Re: [PATCH V6 1/1] Softirq:avoid large sched delay from the pending softirqs

From: Qais Yousef
Date: Mon Sep 14 2020 - 07:32:01 EST


On 09/11/20 20:28, peterz@xxxxxxxxxxxxx wrote:
> On Fri, Sep 11, 2020 at 05:46:45PM +0100, Qais Yousef wrote:
> > On 09/09/20 17:09, qianjun.kernel@xxxxxxxxx wrote:
> > > From: jun qian <qianjun.kernel@xxxxxxxxx>
> > >
> > > When get the pending softirqs, it need to process all the pending
> > > softirqs in the while loop. If the processing time of each pending
> > > softirq is need more than 2 msec in this loop, or one of the softirq
> > > will running a long time, according to the original code logic, it
> > > will process all the pending softirqs without wakeuping ksoftirqd,
> > > which will cause a relatively large scheduling delay on the
> > > corresponding CPU, which we do not wish to see.
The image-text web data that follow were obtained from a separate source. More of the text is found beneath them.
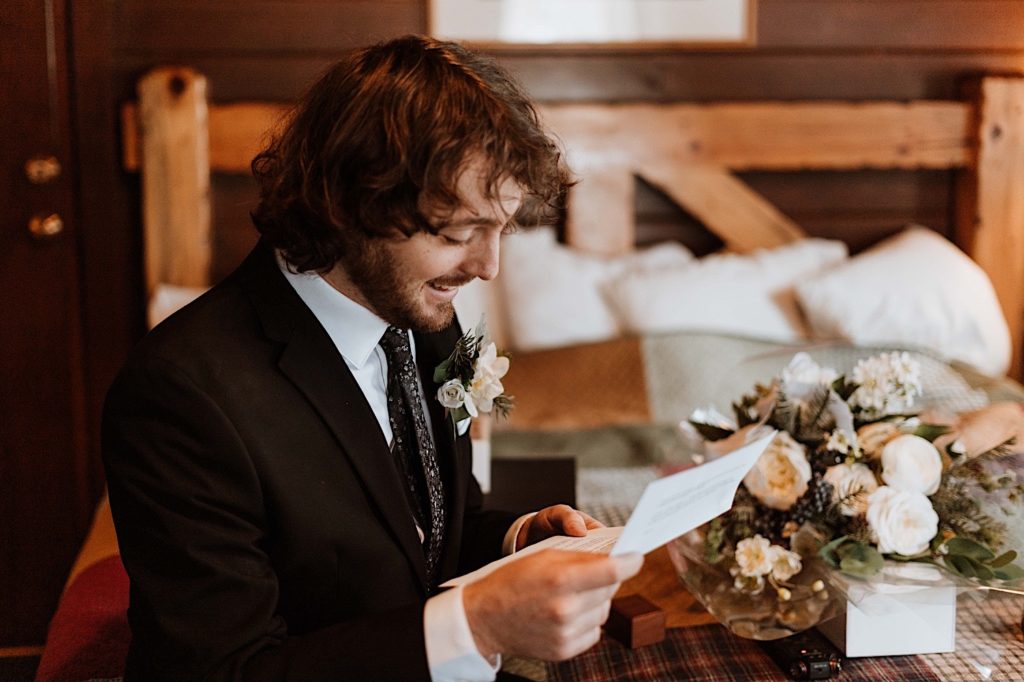 A groom sit reading letters to one another while reading letters from family and friends before they elope at Starved Rock National Park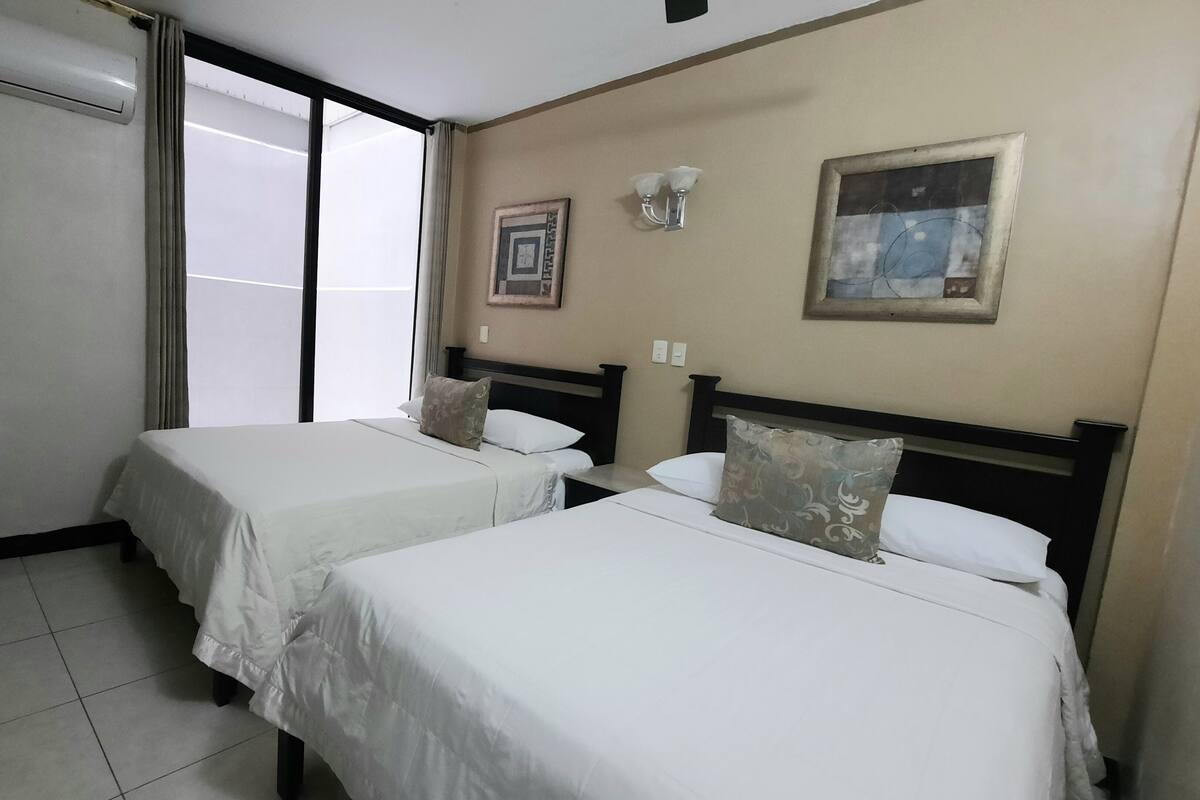 A hotel room with two single beds, a sliding door, a wall-mounted air conditioner, and a framed picture.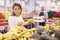 Latin american woman choosing sweet bananas in supermarket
The patch will check
> > > the total time to process pending softirq, if the time exceeds 2 ms
> > > we need to wakeup the ksofirqd to aviod large sched delay.
> > >
> > > Signed-off-by: jun qian <qianjun.kernel@xxxxxxxxx>
> >
> > In Android there's a patch that tries to avoid schedling an RT task on a cpu
> > that is running softirqs. I wonder if this patch helps with this case.
> >
> > https://android.googlesource.com/kernel/msm/+/5c3f54c34acf4d9ed01530288d4a98acff815d79%5E%21/#F0
> >
> > John, Wei, is this something of interest to you?
>
> Urgh.. that's pretty gross. I think the sane approach is indeed getting
> softirqs to react to need_resched() better.
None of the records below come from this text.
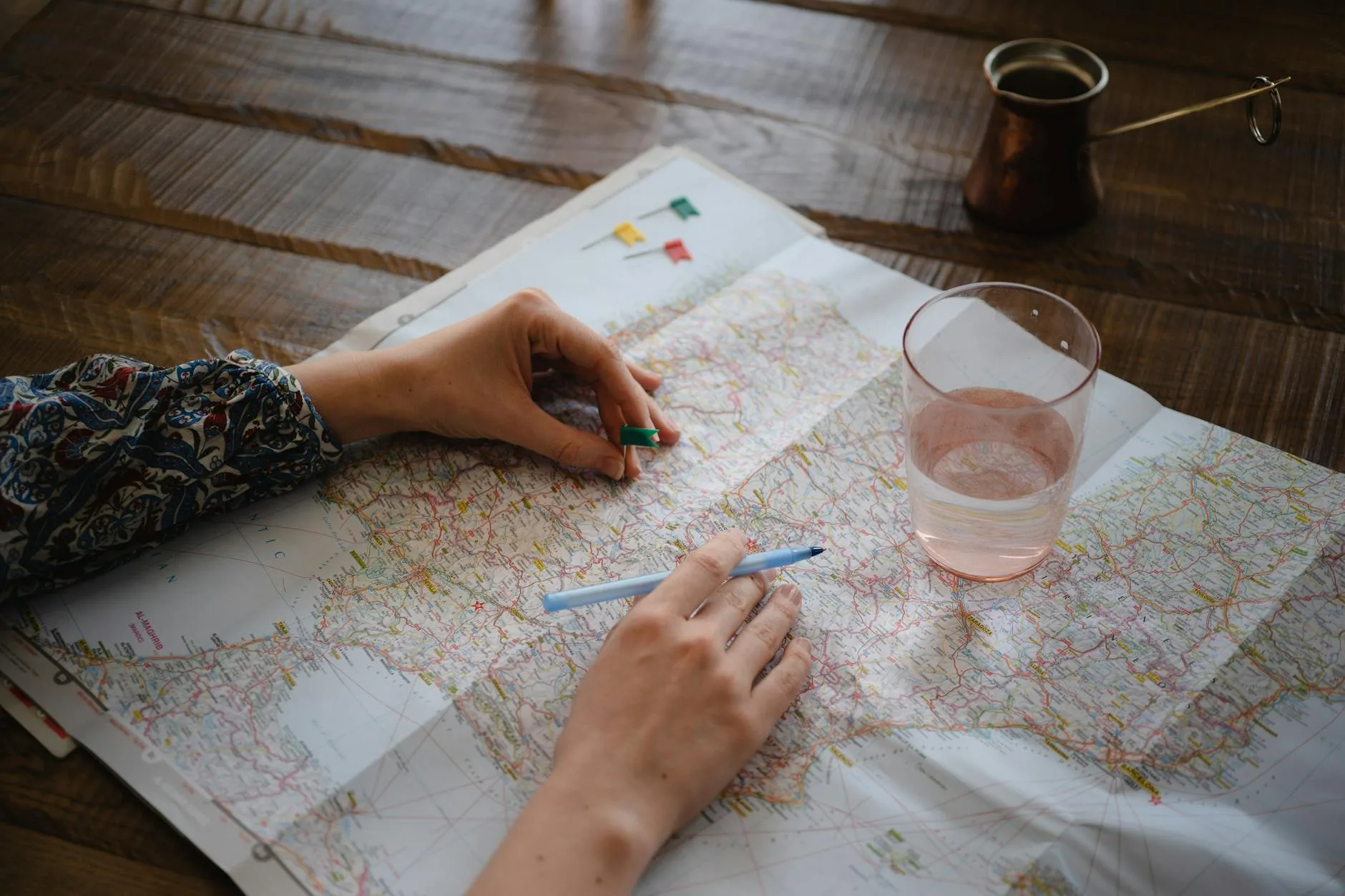 A woman places a pin on a map while planning a trip, with a glass of water nearby.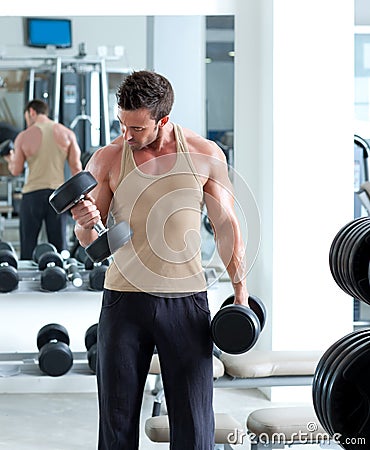 Man with weight training equipment on sport gym Stock Photo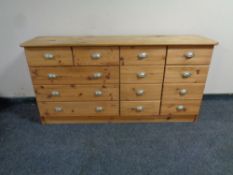 A stripped pine thirteen drawer block chest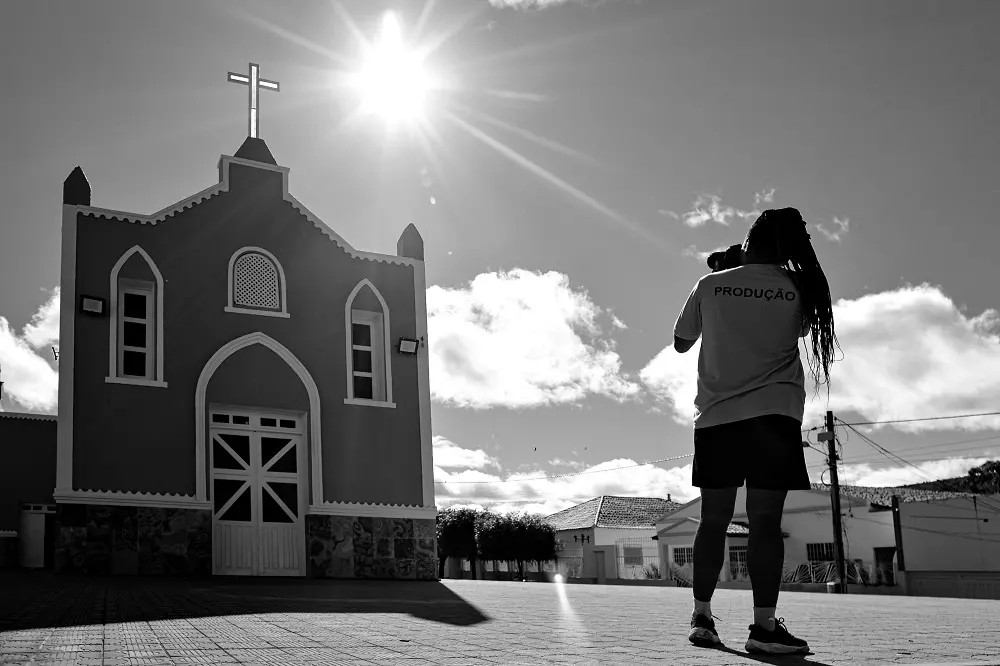 Foto em preto e branco contra a luz. Uma pessoa de costas com camiseta escrito 'produção' fotografa uma pequena igreja com uma cruz no topo. O sol brilha intensamente no céu acima da igreja.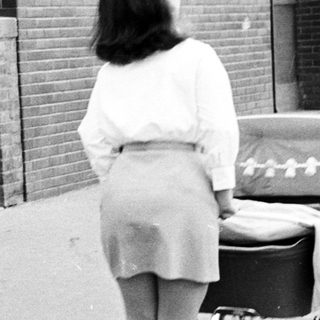 Woman walks away, pushing a vintage baby carriage.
What does PREEMPT_RT do to deal with softirqs delays?

I have tried playing with enabling threadirqs, which AFAIU should make softirqs
preemptible, right?

I realize this patch is still missing from mainline at least:

https://gitlab.com/kalilinux/packages/linux/blob/a17bad0db9da44cd73f594794a58cc5646393b13/debian/patches-rt/softirq-Add-preemptible-softirq.patch

Would this be a heavy handed approach to make available for non PREEMPT_RT
kernels?

I only worry about potential NET_RX throughput issues. Which by the way is
protected with preempt_disable currently in mainline. See netif_rx_ni().

I am guessing here, but I suspect this NET_RX softirq is one source of big
delays when network activity is high.

Thanks

--
Qais Yousef